## Problem details:
Whenever an image turns up, omit it and return the remaining data exactly.

## Dataset excerpt:
++++++++

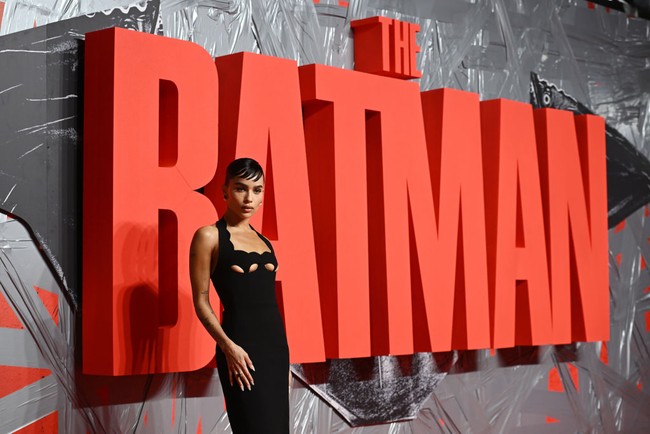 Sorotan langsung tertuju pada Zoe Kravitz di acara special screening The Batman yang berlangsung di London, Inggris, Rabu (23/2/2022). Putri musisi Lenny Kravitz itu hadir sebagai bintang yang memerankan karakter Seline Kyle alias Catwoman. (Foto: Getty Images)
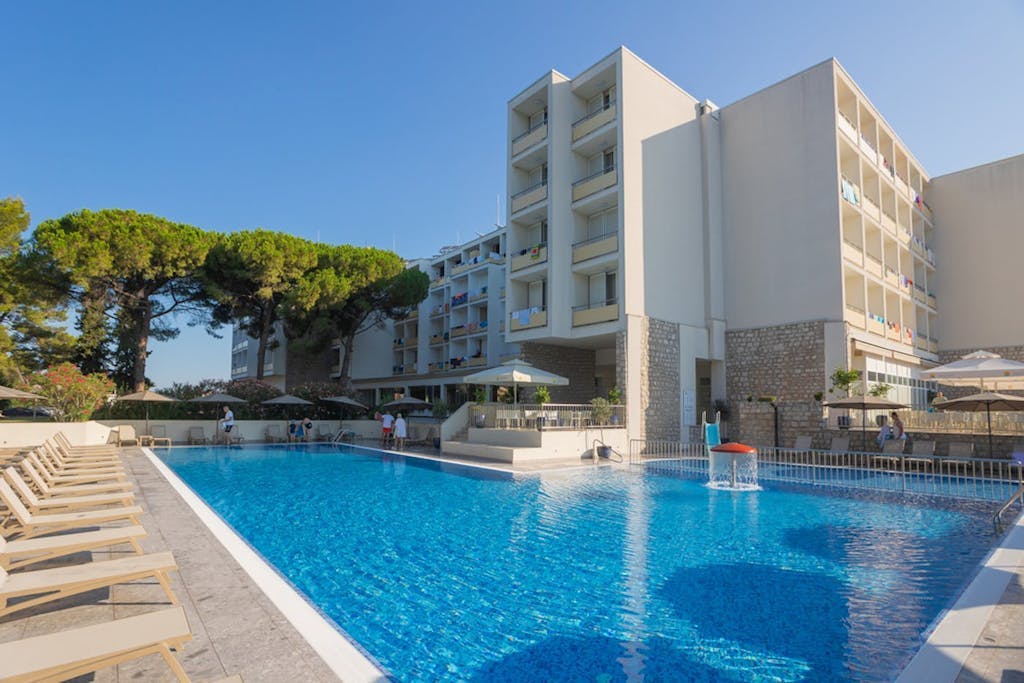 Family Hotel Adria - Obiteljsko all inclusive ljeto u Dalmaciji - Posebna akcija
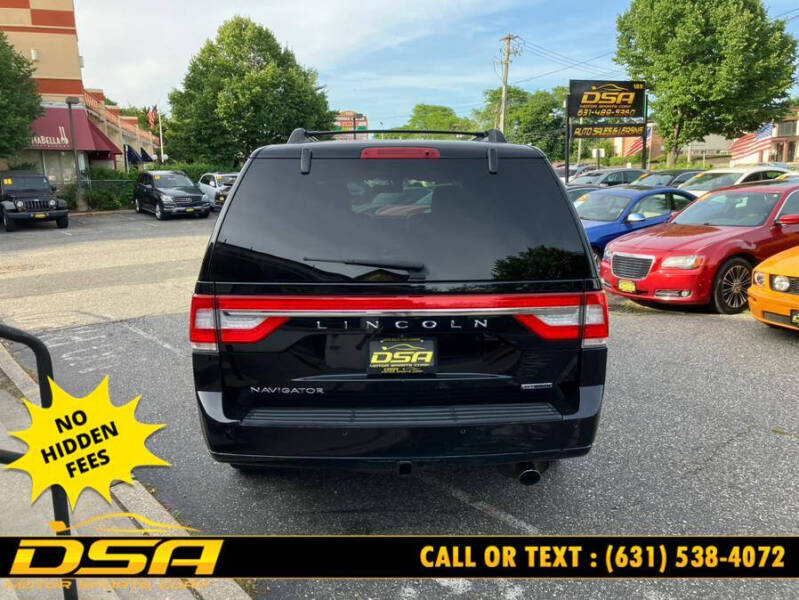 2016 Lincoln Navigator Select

++++++++

## Response:
 Sorotan langsung tertuju pada Zoe Kravitz di acara special screening The Batman yang berlangsung di London, Inggris, Rabu (23/2/2022). Putri musisi Lenny Kravitz itu hadir sebagai bintang yang memerankan karakter Seline Kyle alias Catwoman. (Foto: Getty Images)
 Family Hotel Adria - Obiteljsko all inclusive ljeto u Dalmaciji - Posebna akcija
 2016 Lincoln Navigator Select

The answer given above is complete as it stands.